Wednesday 26 May 2010

Orderly reduction of debt levels is feasible

Irwin Stelzer should gloat a bit less (Wall Street Journal), there is no reason why the debt mountain cannot be reduced in an orderly fashion. Of course, what has been built over several decades can only be reduced in a slow and systematic way. This means that the 'freebies' distributed by the politicians will have to be withdrawn. But people survived without them in the past and with leadership and good will they will survive perfectly well. The army of 'invalids' living on state benefits in Britain for example has swollen dramatically since the early 1980s (yes, it started under the 'Iron' Lady!).

Unfortunately the economic debate is dominated by those seeking to profit from the implosion of the economies in (Southern) Europe and those trying to make their living by serving them. This unhealthy symbiotic relationship between Investors (especially Hedge Funds) and their 'advisors' in sell-side investment banks means that they are only happy if there is 'volatility' in the markets, the more the better for their business (and out-sized profits at the expense of the wider investment public and the taxpayers in general).

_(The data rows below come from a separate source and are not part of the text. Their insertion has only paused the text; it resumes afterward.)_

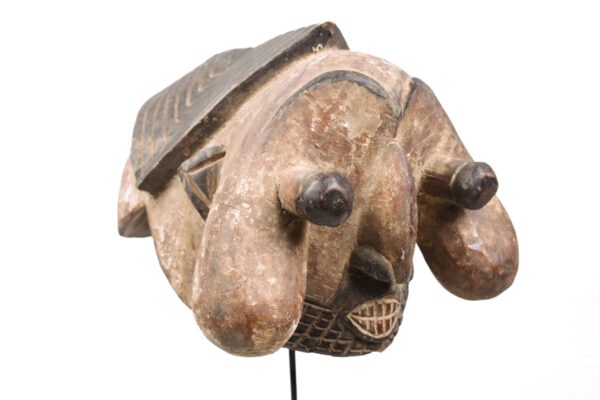 Crest mask – Wood – Bangwa – Cameroon: Powerfull Bangwa crest mask from Cameroon. The piece is characterized by highly exaggerated features, bulbous jowls form the cheeks; buggy eyes appear to pop out of their sockets; protruding lips bare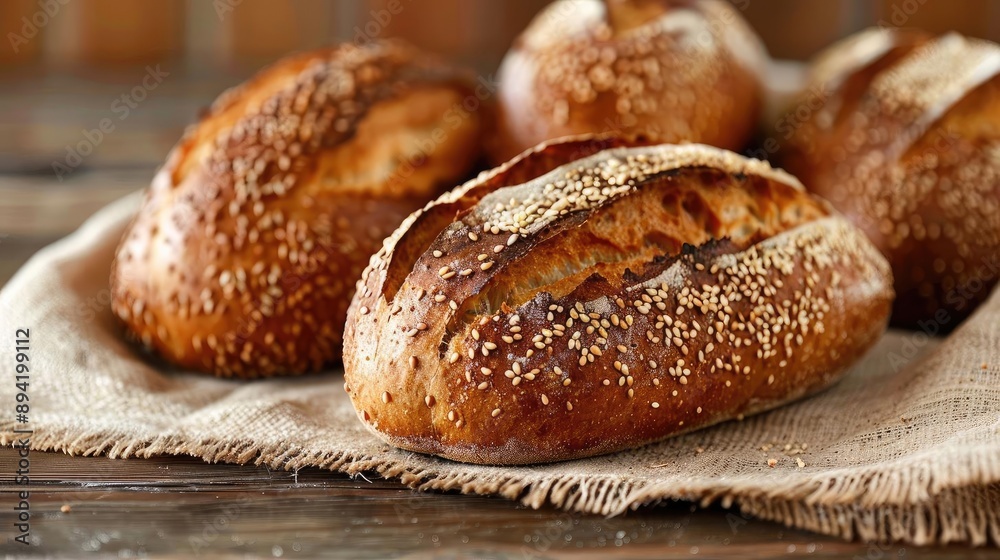 Freshly baked artisan bread rolls with seeds on a rustic cloth, perfect for bakery advertisements, food blogs, and culinary projects. Freshly baked artisan bread rolls with seeds on a rustic cloth, perfect for bakery advertisements, food blogs, and culinary projects.
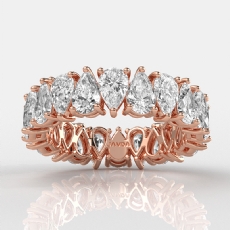 Pear Lab-Grown Diamond Prong Set Women's Eternity Wedding Band 14k Rose Gold  (3.78Ct. tw.)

A few numbers to illustrate the feasibility of an orderly return to stable fiscal regimes: Greece with about Euro 300 billion in debt has to pay around 15 billion in interest with an interest rate around 5 per cent. To bring debt down to a more reasonable 150 billion over a period of 30 years would mean a net repayment of 5 billion. This total of 20 billion Euros distributed over a population of 11 million may appear to be a heavy burden but it is only 6 per cent of GDP. Now we all know that spending is more fun than saving but to say that this is not possible is not a statement of fact.

The will may be lacking but like in personal life, is it really too much to cut spending by 6 per cent? At least some part of this money goes to internal creditors who will spend the money and thus stimulate the economy. Money does not disappear in a black hole! Repayment will also mean that interest rates will be on a downward trajectory or remain low. And repayment of foreign creditors will allow them to spend more and stimulate the whole European Economy.

Tuesday 27 April 2010

Controlled inflation - solution to debt overhang?

We try to keep economics out of our blog but sometimes we just cannot resist the temptation. The reason why there is a slowly-rising tide of calls for allowing a 'controlled' rise in inflation seems to be that politicians and technocrats seem to see no chance in reversing - or even stopping - the tendency for public (and private) debt to grow. Naturally, reversing a trend that has been going on for the better part of nearly four decades is not achievable in a year or two. So the only way to reduce total indebtedness would be a painful adjustment process lasting many years - much longer than the election cycle in any western democracy. But this is not to say that it would be impossible and it is doubtful whether relying on inflation would mean that the adjustment burden is shared more equally between all groups of the population. One should also not forget that in a closed economy the citizens owe the debt to themselves in aggregate. The problem is that the debtors and the creditors are different people and therefore repayment of the debt means that the debtors carry the adjustment burden.